How do you monitor AI agents in production?
What matters first
Section titled “What matters first”Monitor AI agents as workflow systems, not just model calls.
That means watching:
- task success,
- high-severity failure classes,
- approval and escalation behavior,
- retry patterns,
- operator rescue load,
- latency,
- and cost per useful outcome.
If monitoring only shows uptime, token spend, and request volume, it is still too thin for production.
The wrong monitoring model
Section titled “The wrong monitoring model”The weak model is:
“If the API is up and average latency is fine, the agent is healthy.”
That misses the failures that actually damage the workflow:
- wrong decisions with polished output,
- retries that hide instability,
- rising manual rescue work,
- approval drift,
- and expensive side effects that only appear after the run.
AI monitoring needs application signals, workflow signals, and control-boundary signals together.
The live signals that matter most
Section titled “The live signals that matter most”Healthy agent monitoring usually starts with:
- successful outcome rate
- unsafe or high-cost failure rate
- approval rate
- escalation rate
- manual rescue rate
- retry rate
- time to trusted completion
- cost per successful outcome
These show whether the system is actually helping the workflow.
Why manual rescue is one of the best signals
Section titled “Why manual rescue is one of the best signals”Many teams under-monitor manual rescue.
That is a mistake because a system can look healthy in:
- latency,
- model quality,
- and even raw completion rate
while humans are quietly redoing the work downstream.
If rescue work rises, the agent may still be “working” technically while failing economically.
What to segment by
Section titled “What to segment by”Do not monitor one giant blended average.
Segment by:
- workflow type,
- risk class,
- model lane,
- tool path,
- approval path,
- and customer or team tier when relevant.
Blended averages hide the expensive failures.
The most useful alert pattern
Section titled “The most useful alert pattern”The most useful production alerts usually focus on:
- sudden changes in failure-class mix,
- rising retries,
- unusual approval spikes,
- rescue-rate jumps,
- cost spikes without quality gain,
- and regressions after release.
A good monitoring system helps you see behavioral drift, not just technical outages.

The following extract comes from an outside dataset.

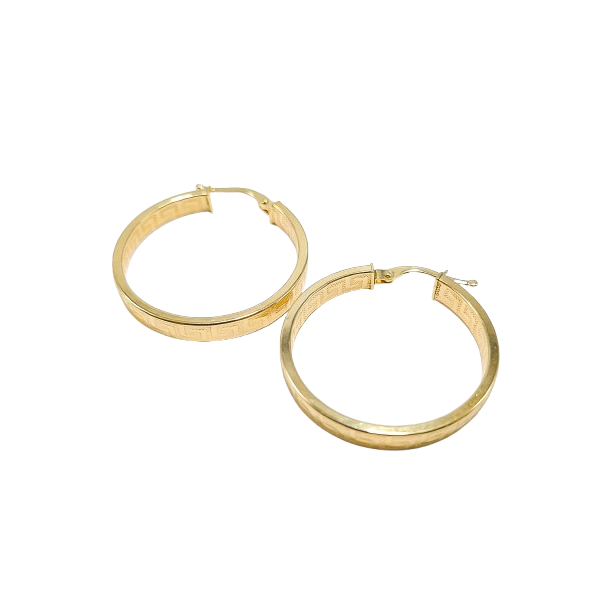 Pendientes Aros de Oro de 18 Kilates con Greca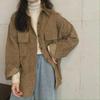 Women's Retro Corduroy Jacket - Korean Style, Loose Fit, Long-Sleeved, Perfect for Spring and Autumn.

Monitoring should feed real operating decisions
Section titled “Monitoring should feed real operating decisions”Monitoring is only valuable if it can trigger:
- rollback,
- tighter permissions,
- stronger approval requirements,
- more sampling,
- or updates to the eval set.
Otherwise it becomes dashboard theater.
The practical rule
Section titled “The practical rule”Monitor the agent at the exact places where the business would say:
- “that result was not trustworthy,”
- “that action should have stopped,”
- or “this cost too much human cleanup.”
Those are the signals that deserve operational attention.
Implementation checklist
Section titled “Implementation checklist”Your monitoring model is probably healthy when:
- live metrics reflect workflow outcome rather than only technical throughput;
- high-cost failure classes are visible separately from harmless misses;
- approval, escalation, and rescue are monitored explicitly;
- releases can be tied to behavior changes quickly;
- and monitoring can trigger real operating responses instead of only reports.
Compare next
Section titled “Compare next”Reader value check
Section titled “Reader value check”This page should help a reader decide whether the eval, trace, scorecard, or monitoring signal is strong enough to support a release decision. For How do you monitor AI agents in production?, the page is not finished if it only explains vocabulary. It should change what the team approves, measures, routes, buys, logs, or refuses to automate.
Before applying the guidance, bring production traces, labeled failure examples, reviewer notes, and the exact workflow step being evaluated. Those inputs keep the decision anchored in real operating conditions instead of a generic best-practice list.
| Check | What the reader should be able to answer |
|---|---|
| Signal quality | Can the team explain what behavior the signal proves, and what it does not prove? |
| Release use | Does the page help decide whether to ship, hold, roll back, or collect more evidence? |
| Failure learning | Does each miss become a reusable eval case instead of a one-off complaint? |
| Owner | Is there a named person or team responsible for maintaining the scorecard or review loop? |
Use the page as a working review artifact: compare the current workflow against the table, mark the missing evidence, and assign an owner for the next change. If the page exposes a gap but no one owns that gap, the correct next step is not broader rollout; it is a smaller pilot, a clearer gate, or a better measurement loop.
For EvalOps pages, the useful outcome is a sharper release conversation. A reader should leave knowing which evidence belongs in the gate, which evidence belongs in incident review, and which metric is too vague to trust.